▶ [Prompt]
Your task is to transcribe, word for word, the line containing "Girl's hands holding" and all lines that follow it to the end of the entries. Leave out the pictures.

[Records excerpted from a collection]
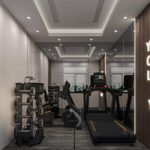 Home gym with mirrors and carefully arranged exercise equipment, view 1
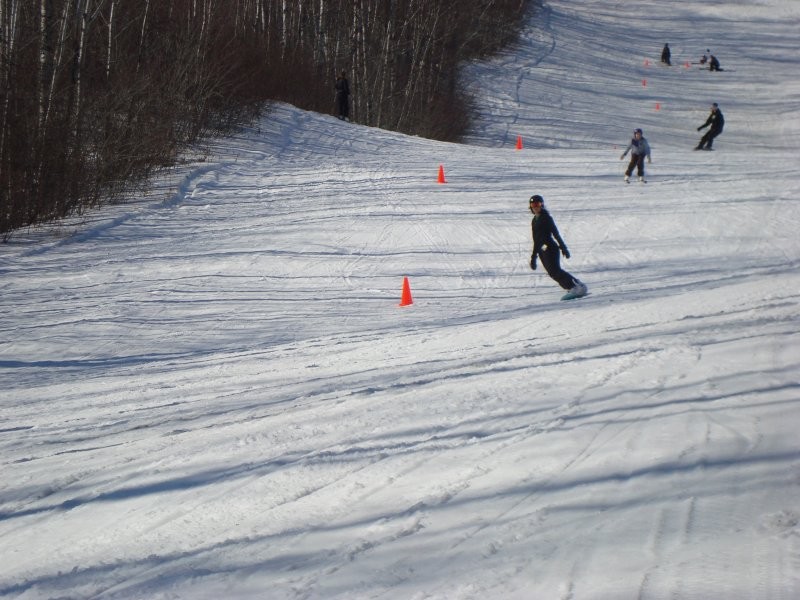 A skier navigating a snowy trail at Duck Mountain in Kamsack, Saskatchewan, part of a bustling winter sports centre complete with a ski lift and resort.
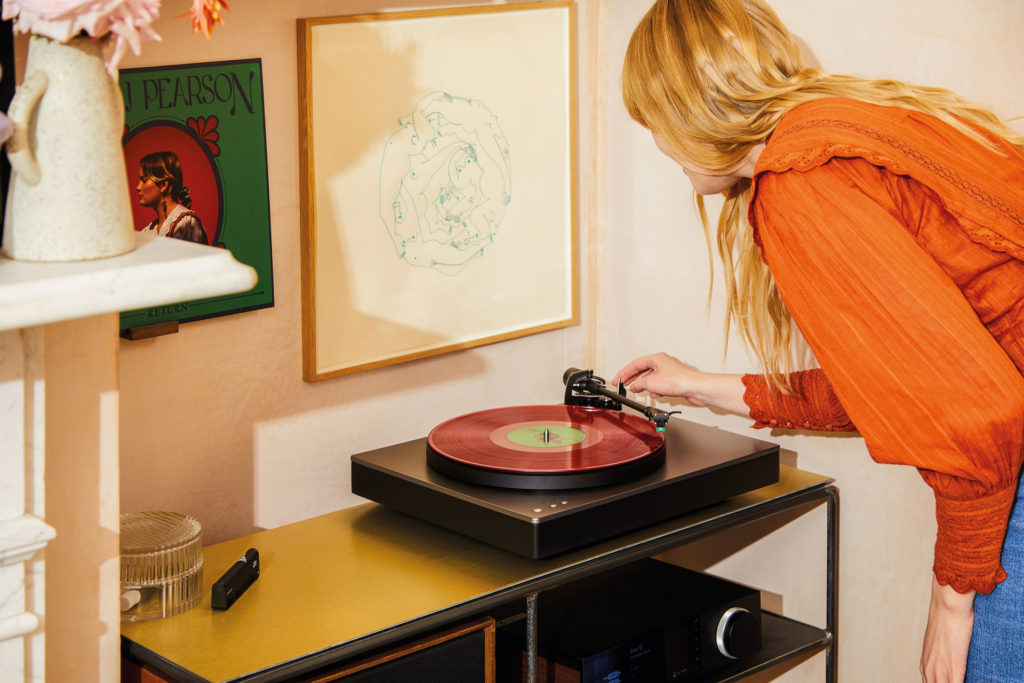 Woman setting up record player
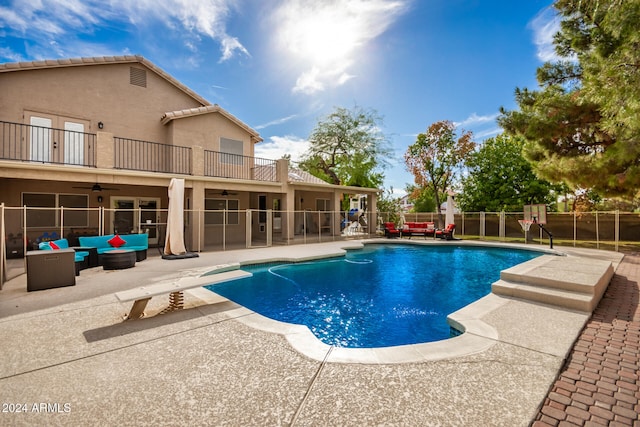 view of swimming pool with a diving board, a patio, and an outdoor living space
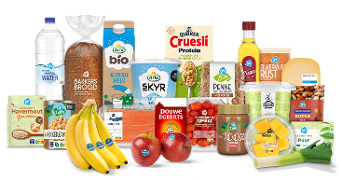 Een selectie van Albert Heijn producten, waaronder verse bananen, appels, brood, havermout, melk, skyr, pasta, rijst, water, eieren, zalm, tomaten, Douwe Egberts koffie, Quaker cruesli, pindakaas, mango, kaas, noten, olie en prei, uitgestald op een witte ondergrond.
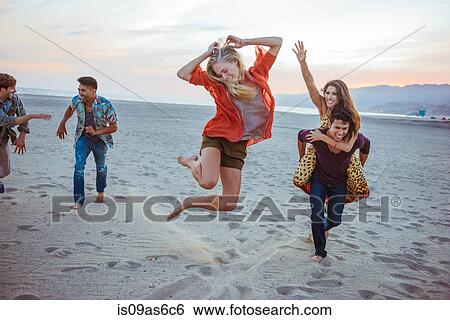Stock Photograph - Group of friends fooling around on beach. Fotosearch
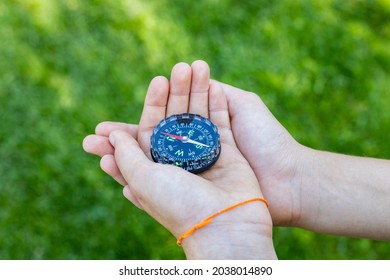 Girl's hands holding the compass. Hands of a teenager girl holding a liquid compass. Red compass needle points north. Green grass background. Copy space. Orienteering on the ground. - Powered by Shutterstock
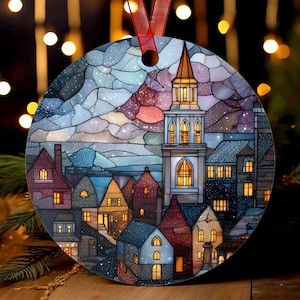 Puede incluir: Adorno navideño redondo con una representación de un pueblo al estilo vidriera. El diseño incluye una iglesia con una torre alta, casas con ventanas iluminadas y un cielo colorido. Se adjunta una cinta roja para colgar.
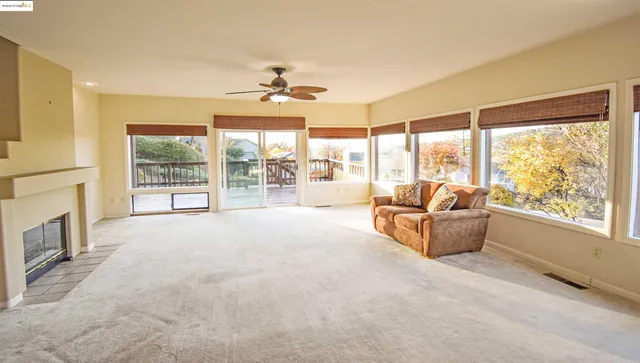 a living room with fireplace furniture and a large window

▶ [The completed task]
 Girl's hands holding the compass. Hands of a teenager girl holding a liquid compass. Red compass needle points north. Green grass background. Copy space. Orienteering on the ground. - Powered by Shutterstock
 Puede incluir: Adorno navideño redondo con una representación de un pueblo al estilo vidriera. El diseño incluye una iglesia con una torre alta, casas con ventanas iluminadas y un cielo colorido. Se adjunta una cinta roja para colgar.
 a living room with fireplace furniture and a large window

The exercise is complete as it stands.